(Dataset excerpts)
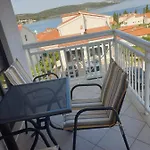 Nada Appartement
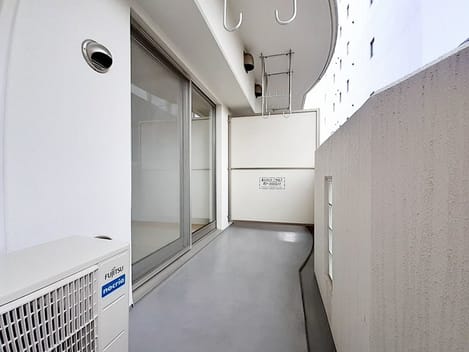 Naikan10 20240131000000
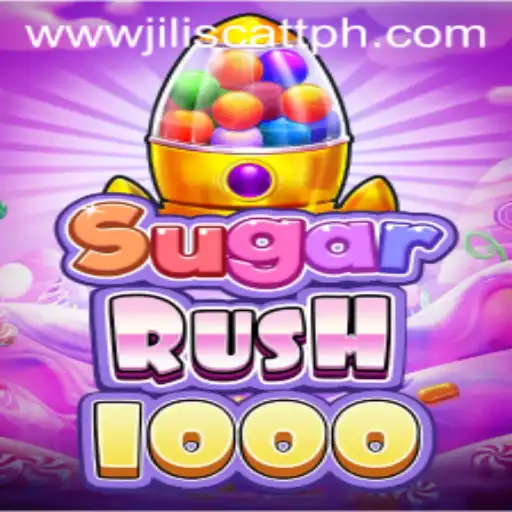 Explore the Sweet Adventure of SugarRush1000: A Juicy Delight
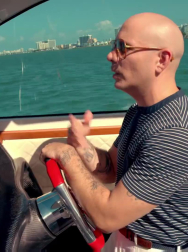 Filename=cap_000654.jpg
Filesize=189KiB
Dimensions=1920x1088
Date added=Nov 14, 2025 cap_000654.jpg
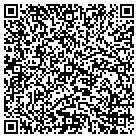QR code with Abilene Animal Hospital PA contacts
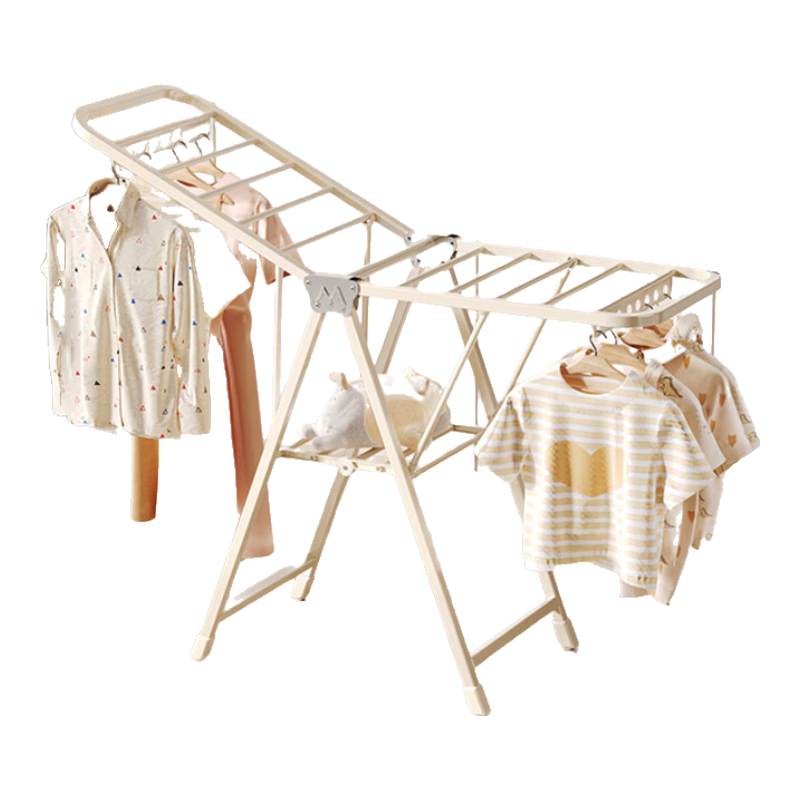 ڲ¼۵¼¸ɹɹ¼¼YJ125 1.4̰-˫+ 52.49Ԫ()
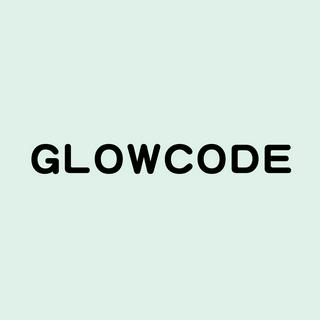 Glowcode Việt Nam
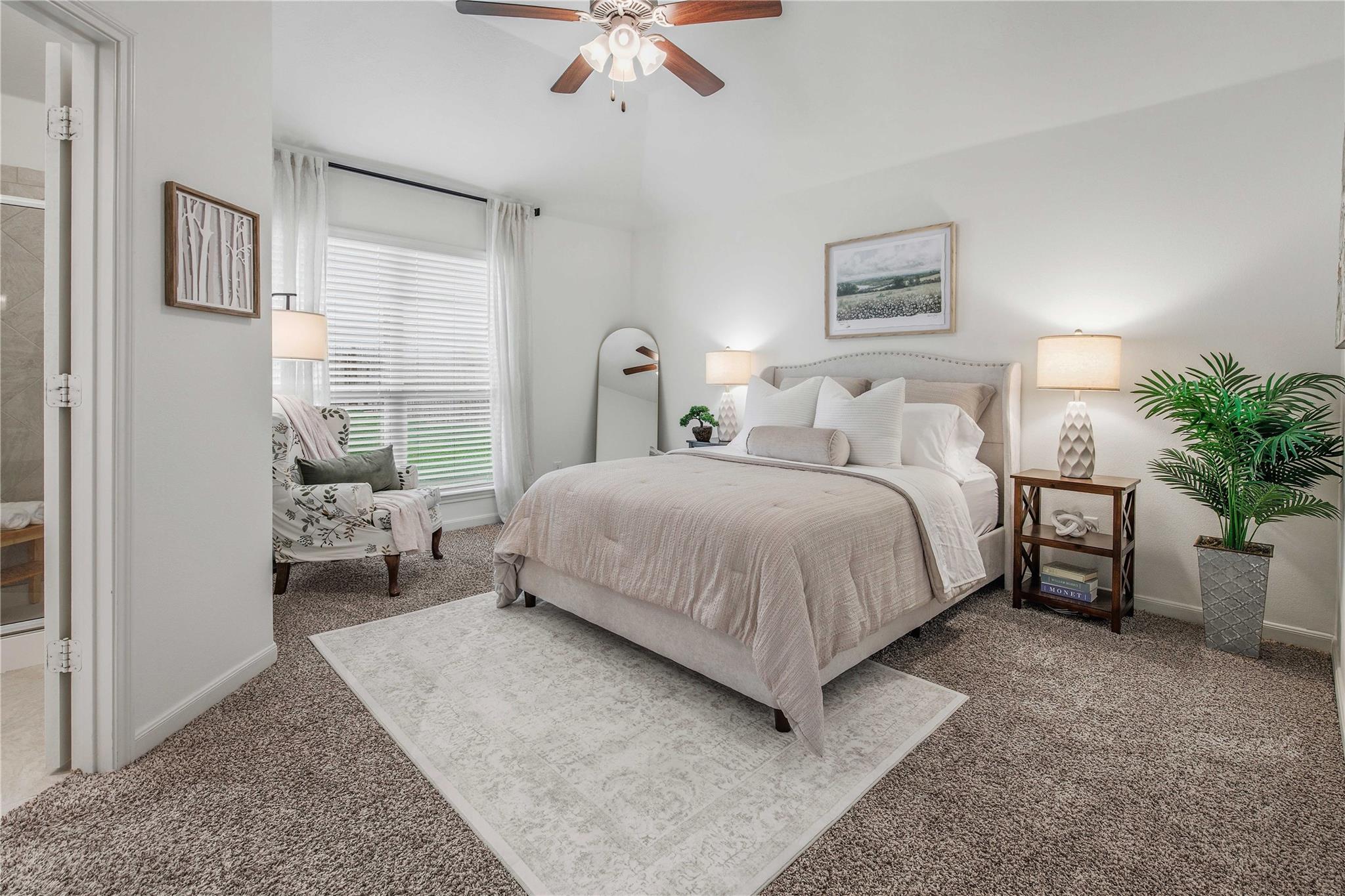 3065 Positano Loop, Bryan, TX 77808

* AIM OF THE EXERCISE *
The entries are to be restated word for word, and no picture should appear in the copy.

* COMPLETED TASK *
 Nada Appartement
 Naikan10 20240131000000
 Explore the Sweet Adventure of SugarRush1000: A Juicy Delight
 Filename=cap_000654.jpg
Filesize=189KiB
Dimensions=1920x1088
Date added=Nov 14, 2025 cap_000654.jpg
QR code with Abilene Animal Hospital PA contacts
 ڲ¼۵¼¸ɹɹ¼¼YJ125 1.4̰-˫+ 52.49Ԫ()
 Glowcode Việt Nam
 3065 Positano Loop, Bryan, TX 77808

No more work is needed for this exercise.